Records from a data collection:

--------------------------------

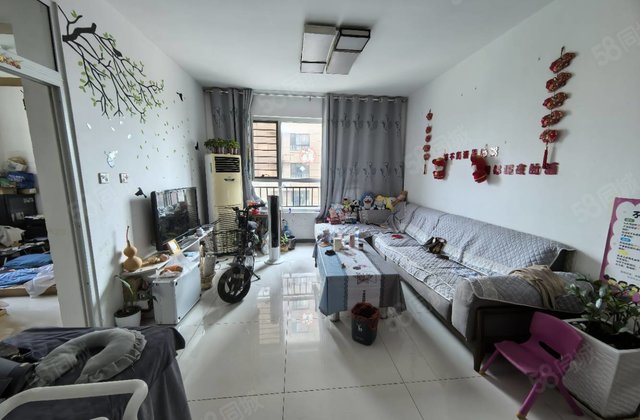 水晶丽城东区，电梯3室东边户免大税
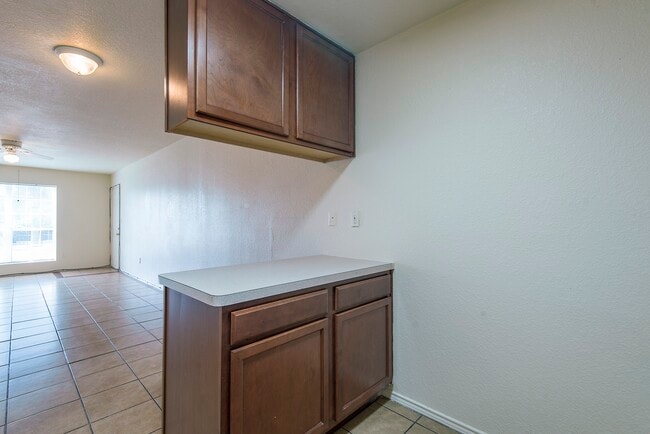 Photo - 6810 Westover St Unidad 14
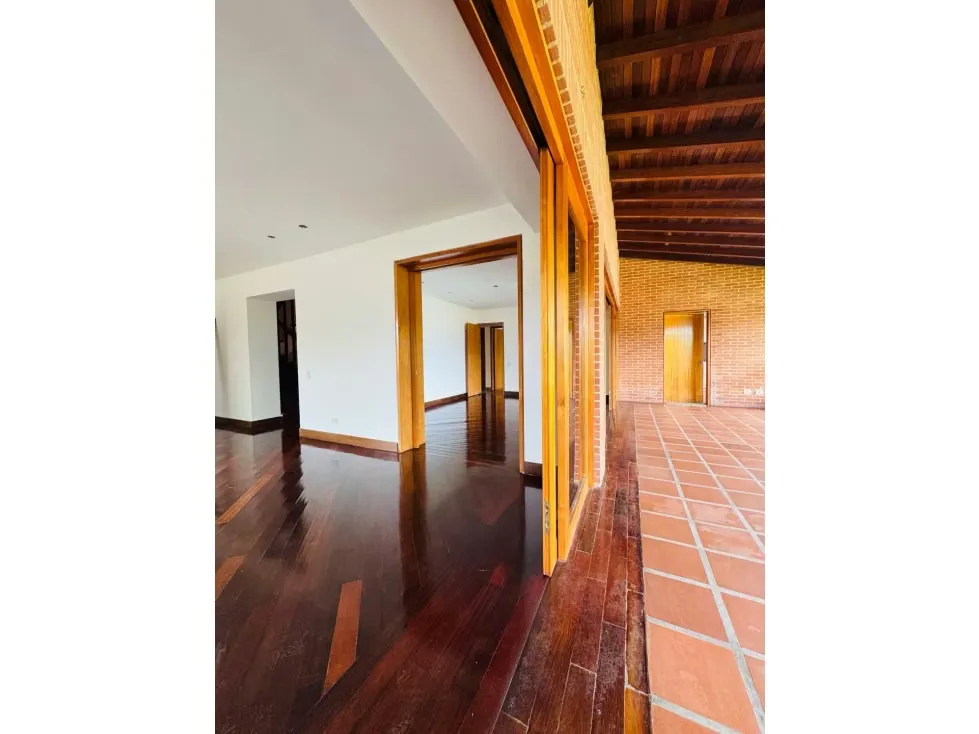Casa en venta 410m2 5H+S/5.5B+S/3P Caurimare - 6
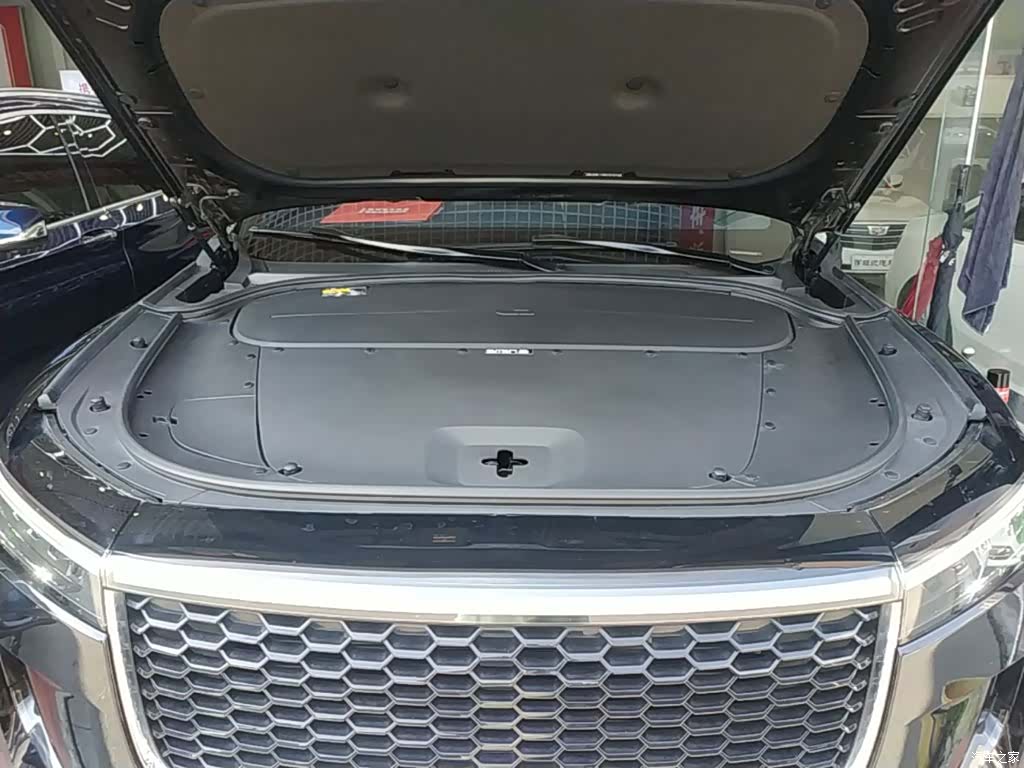 Li Auto ONE, 2023 20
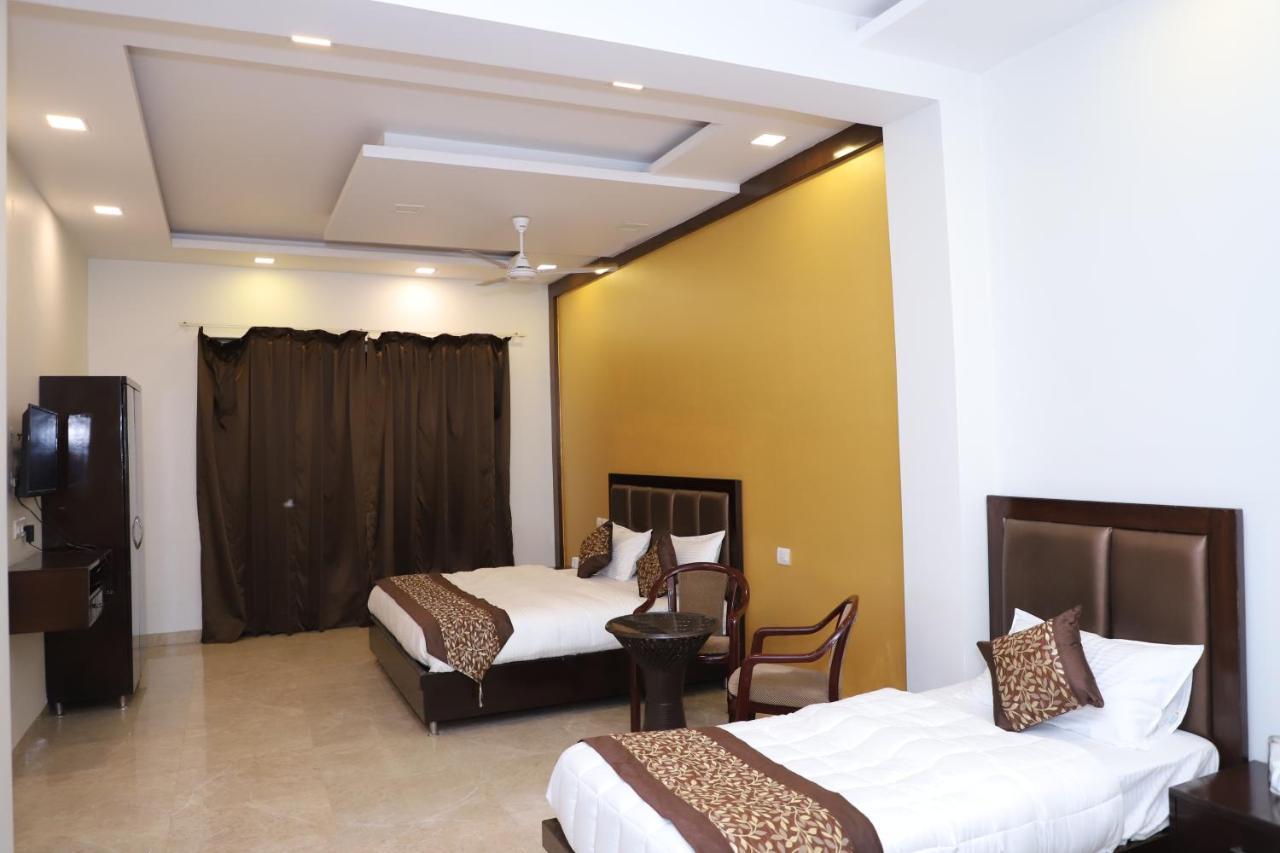 Nirvana Rooms Gurgaon Exterior photo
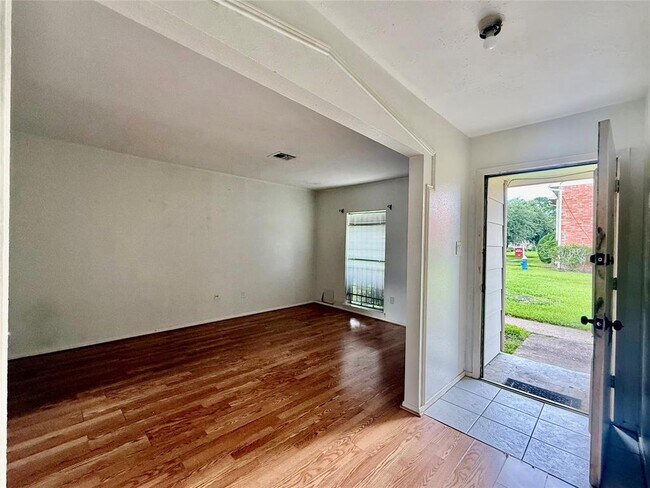 Foto del edificio - 13161 Clarewood Dr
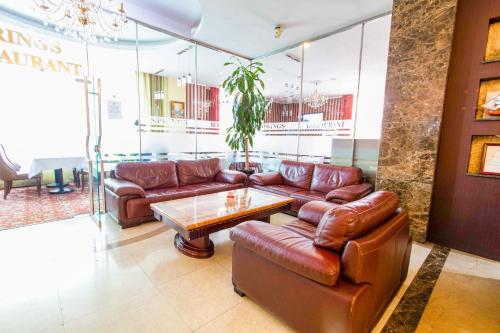 לובי, Springs Hotel in אולן בטור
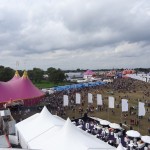 Obligātā festivāla kopbilde no panorāmas rata.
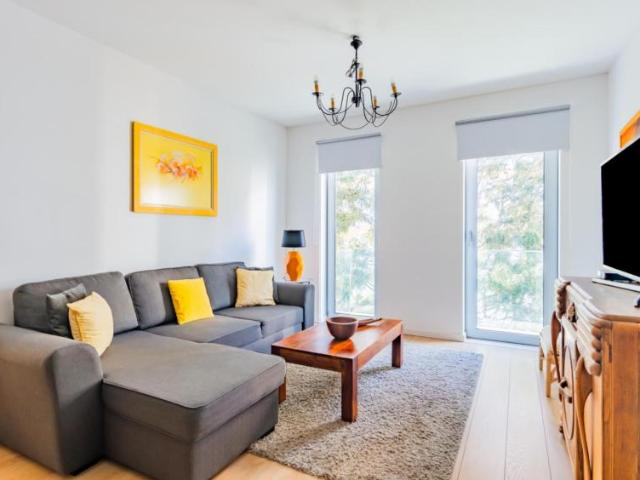 Apartamento alugar em Santo Amaro de Oeiras, Oeiras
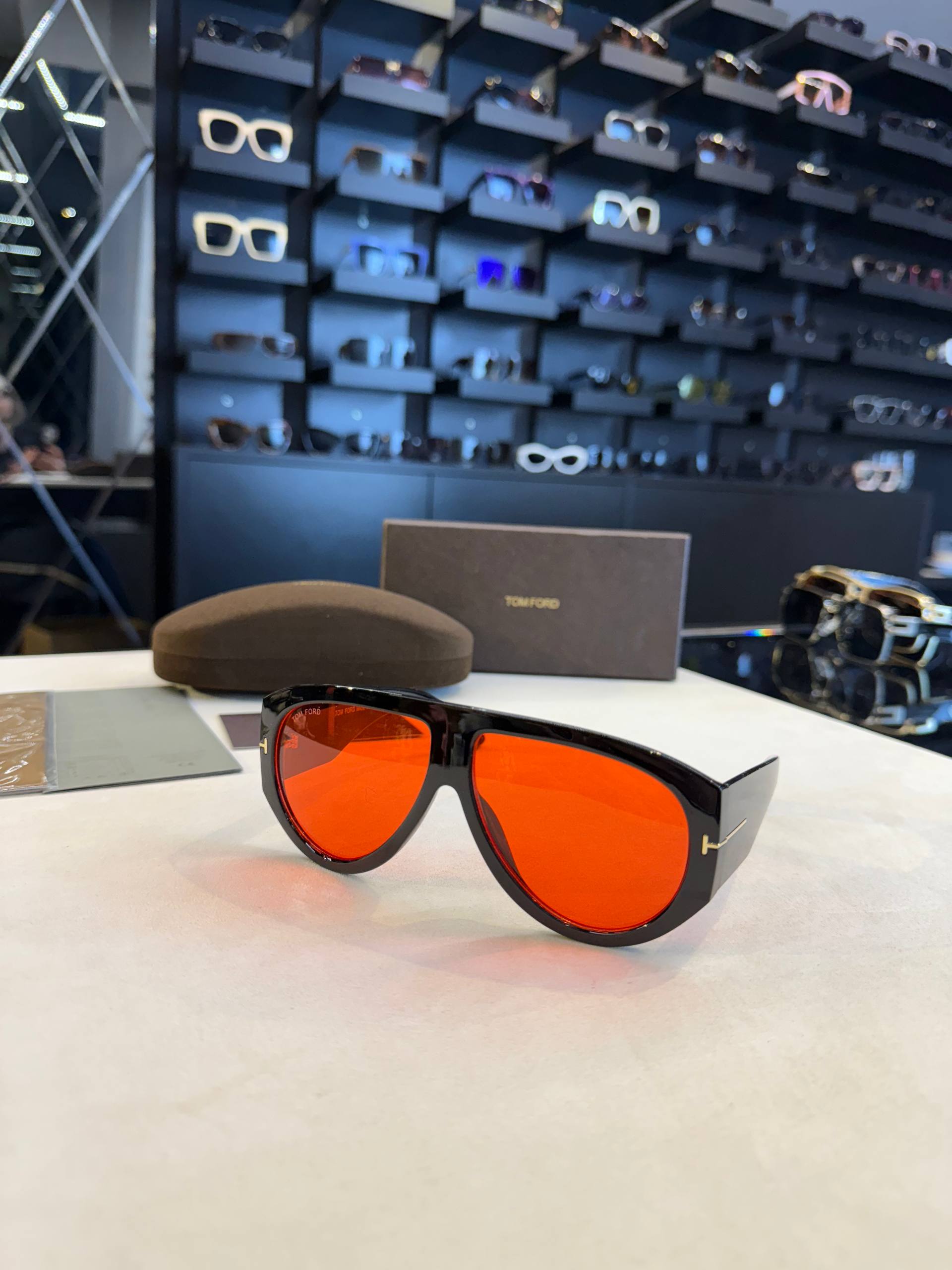 TOM FORD-TF01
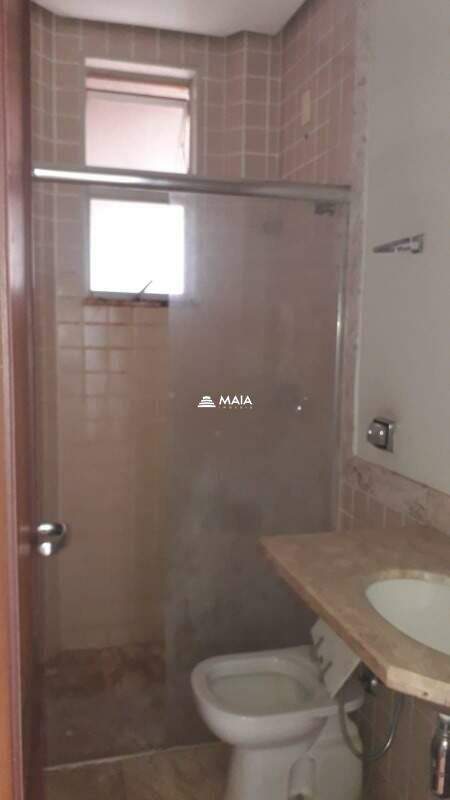 Apartamento à venda no Universitário: 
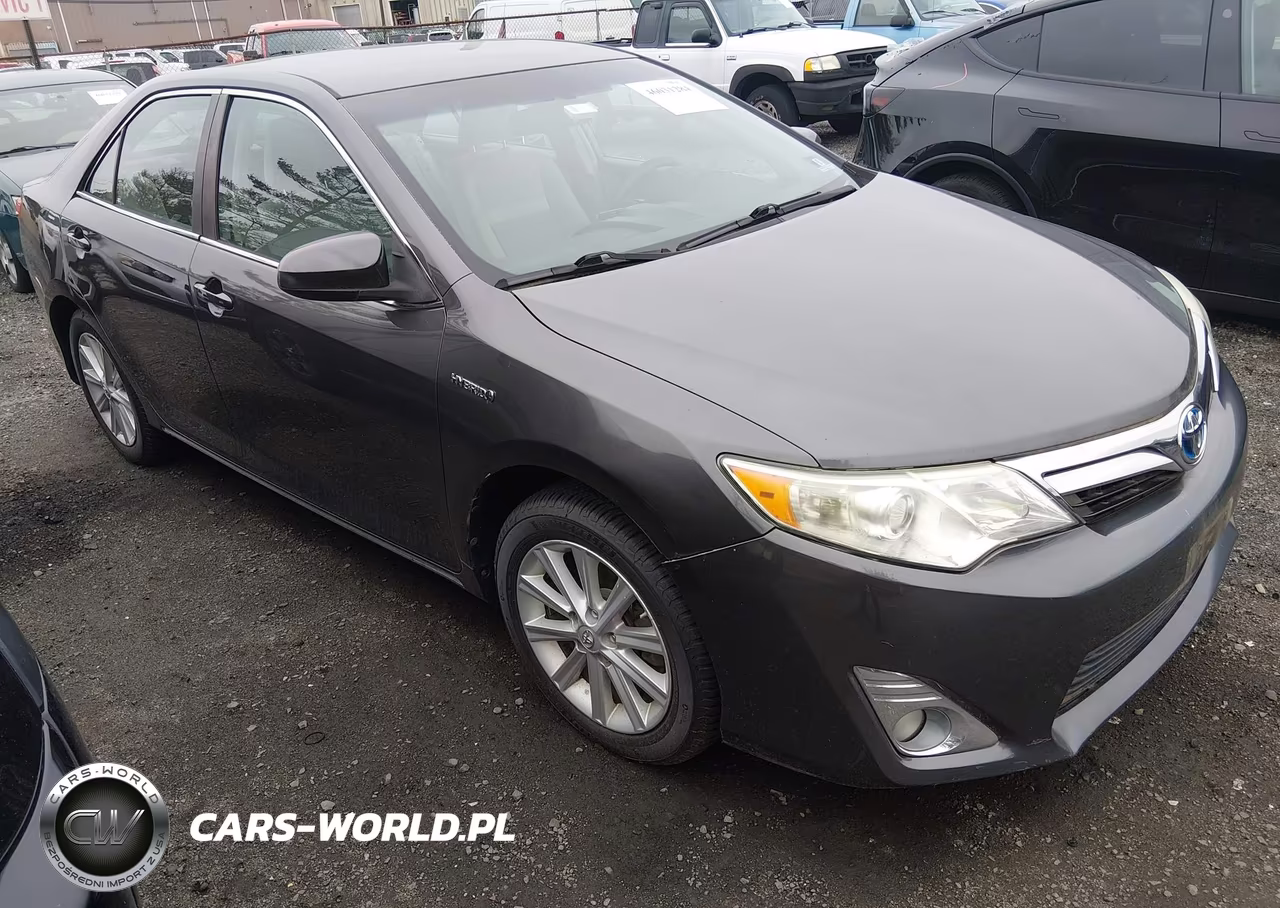 2013 Toyota Camry Hybrid Xle – zdjęcie 1 z 16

--------------------------------

Write out exactly the lines from the one containing "Li Auto ONE, 2023 20" through the end of the records above, both included, leaving all pictures out.

 Li Auto ONE, 2023 20
 Nirvana Rooms Gurgaon Exterior photo
 Foto del edificio - 13161 Clarewood Dr
 לובי, Springs Hotel in אולן בטור
 Obligātā festivāla kopbilde no panorāmas rata.
 Apartamento alugar em Santo Amaro de Oeiras, Oeiras
 TOM FORD-TF01
 Apartamento à venda no Universitário: 
 2013 Toyota Camry Hybrid Xle – zdjęcie 1 z 16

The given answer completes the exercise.